Activity –
Skip the images and repeat every entry word for word.

Captioned web image data
::::::::::

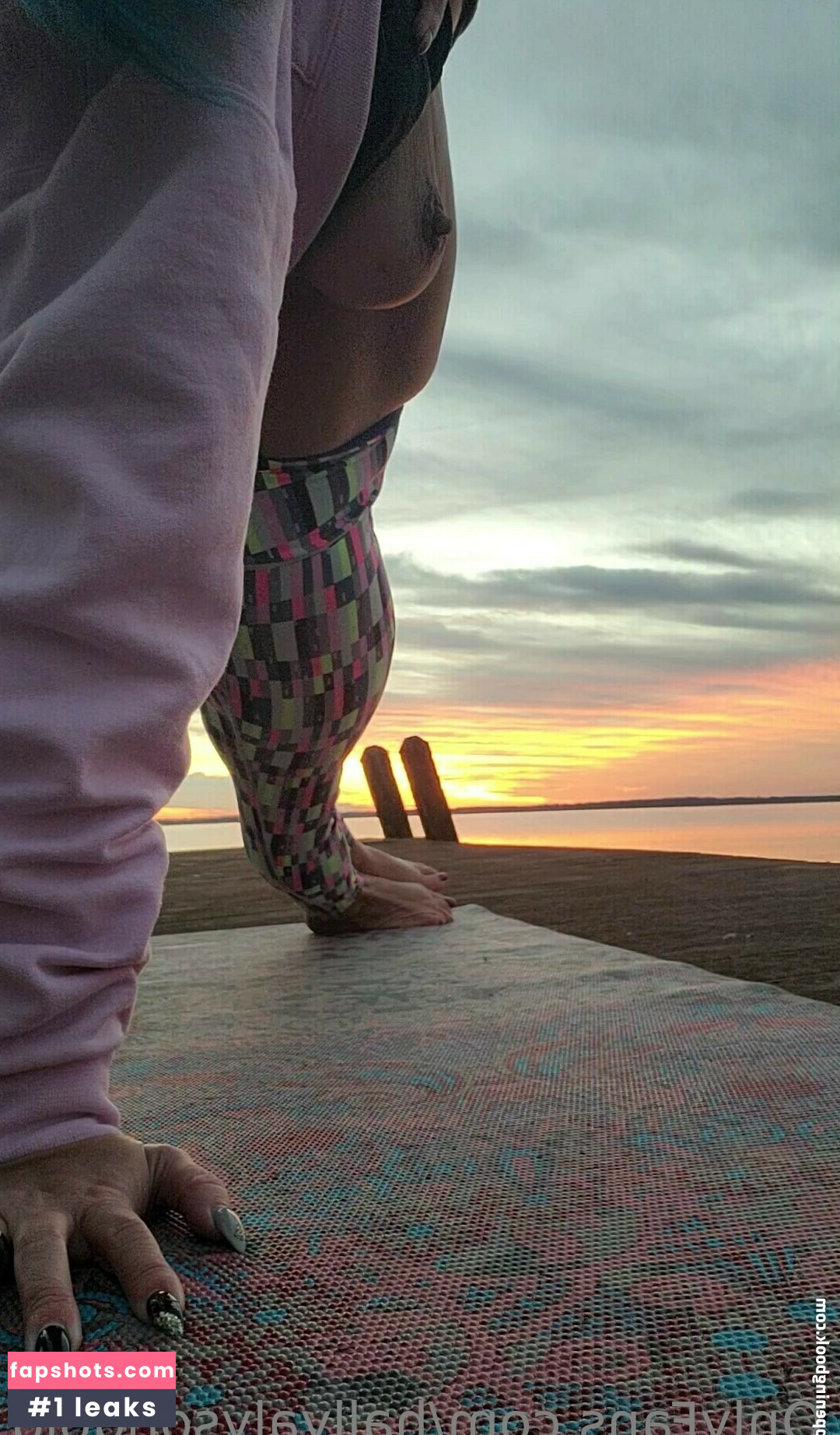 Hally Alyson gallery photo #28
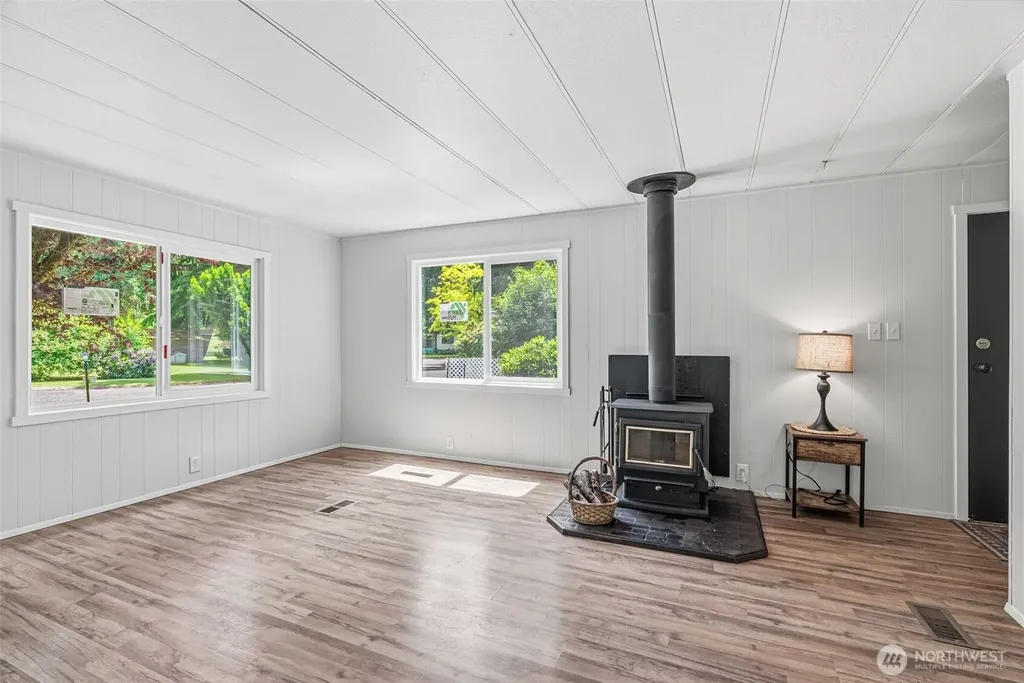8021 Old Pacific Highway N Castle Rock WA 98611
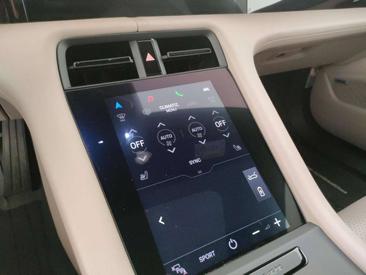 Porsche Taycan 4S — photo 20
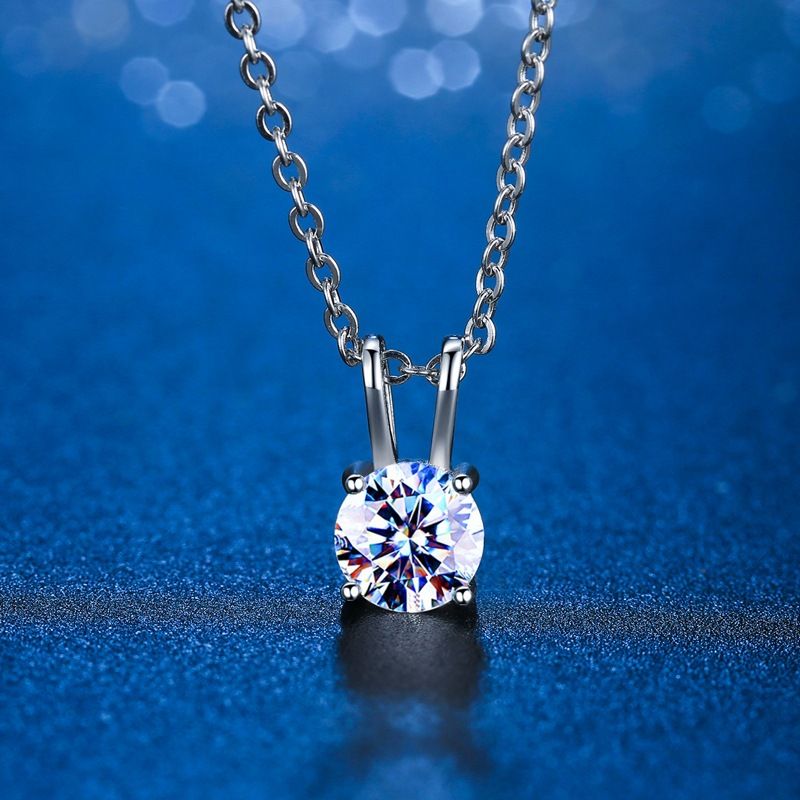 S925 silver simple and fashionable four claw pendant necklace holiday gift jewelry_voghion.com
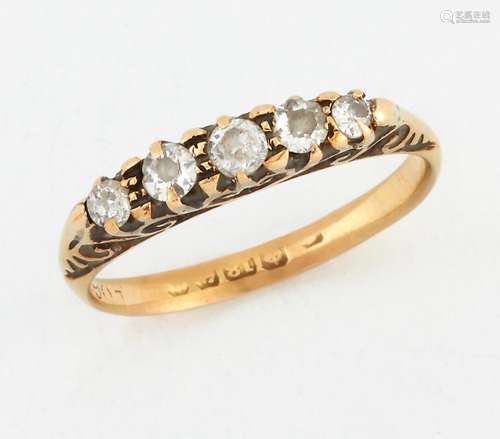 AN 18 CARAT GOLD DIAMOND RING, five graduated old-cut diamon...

::::::::::

Result for this task –
 Hally Alyson gallery photo #28
8021 Old Pacific Highway N Castle Rock WA 98611
 Porsche Taycan 4S — photo 20
 S925 silver simple and fashionable four claw pendant necklace holiday gift jewelry_voghion.com
 AN 18 CARAT GOLD DIAMOND RING, five graduated old-cut diamon...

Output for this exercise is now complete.